(Saved entries)

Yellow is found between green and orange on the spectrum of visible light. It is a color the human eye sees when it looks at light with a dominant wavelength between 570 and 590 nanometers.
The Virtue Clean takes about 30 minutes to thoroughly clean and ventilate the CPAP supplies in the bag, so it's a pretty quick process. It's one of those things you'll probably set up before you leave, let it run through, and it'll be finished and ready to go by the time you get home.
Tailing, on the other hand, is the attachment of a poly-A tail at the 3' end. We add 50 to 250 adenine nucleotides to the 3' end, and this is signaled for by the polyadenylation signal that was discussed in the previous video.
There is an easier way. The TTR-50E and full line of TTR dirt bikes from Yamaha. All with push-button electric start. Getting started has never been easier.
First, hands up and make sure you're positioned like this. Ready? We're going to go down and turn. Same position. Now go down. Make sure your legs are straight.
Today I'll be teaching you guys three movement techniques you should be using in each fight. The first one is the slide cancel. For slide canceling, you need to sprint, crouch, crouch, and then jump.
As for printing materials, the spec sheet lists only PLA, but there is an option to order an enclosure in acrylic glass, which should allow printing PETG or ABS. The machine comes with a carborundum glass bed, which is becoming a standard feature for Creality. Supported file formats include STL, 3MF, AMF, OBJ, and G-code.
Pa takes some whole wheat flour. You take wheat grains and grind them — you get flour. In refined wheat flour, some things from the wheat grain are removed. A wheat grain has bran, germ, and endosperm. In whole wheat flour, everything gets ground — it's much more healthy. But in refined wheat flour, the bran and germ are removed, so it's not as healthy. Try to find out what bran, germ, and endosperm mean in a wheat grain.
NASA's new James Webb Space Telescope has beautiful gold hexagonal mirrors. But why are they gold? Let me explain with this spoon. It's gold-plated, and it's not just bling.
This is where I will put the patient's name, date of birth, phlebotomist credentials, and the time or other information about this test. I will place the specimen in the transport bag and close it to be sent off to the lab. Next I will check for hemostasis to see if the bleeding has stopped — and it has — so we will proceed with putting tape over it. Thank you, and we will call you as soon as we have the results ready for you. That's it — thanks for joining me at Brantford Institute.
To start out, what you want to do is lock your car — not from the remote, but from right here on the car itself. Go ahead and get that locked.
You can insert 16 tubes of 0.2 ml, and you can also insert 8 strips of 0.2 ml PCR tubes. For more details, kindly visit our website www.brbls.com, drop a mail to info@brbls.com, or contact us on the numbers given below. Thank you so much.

■ **Task item**
Wherever a line contains the string "start", copy that line from the data.

■ **Response below**
There is an easier way. The TTR-50E and full line of TTR dirt bikes from Yamaha. All with push-button electric start. Getting started has never been easier.
To start out, what you want to do is lock your car — not from the remote, but from right here on the car itself. Go ahead and get that locked.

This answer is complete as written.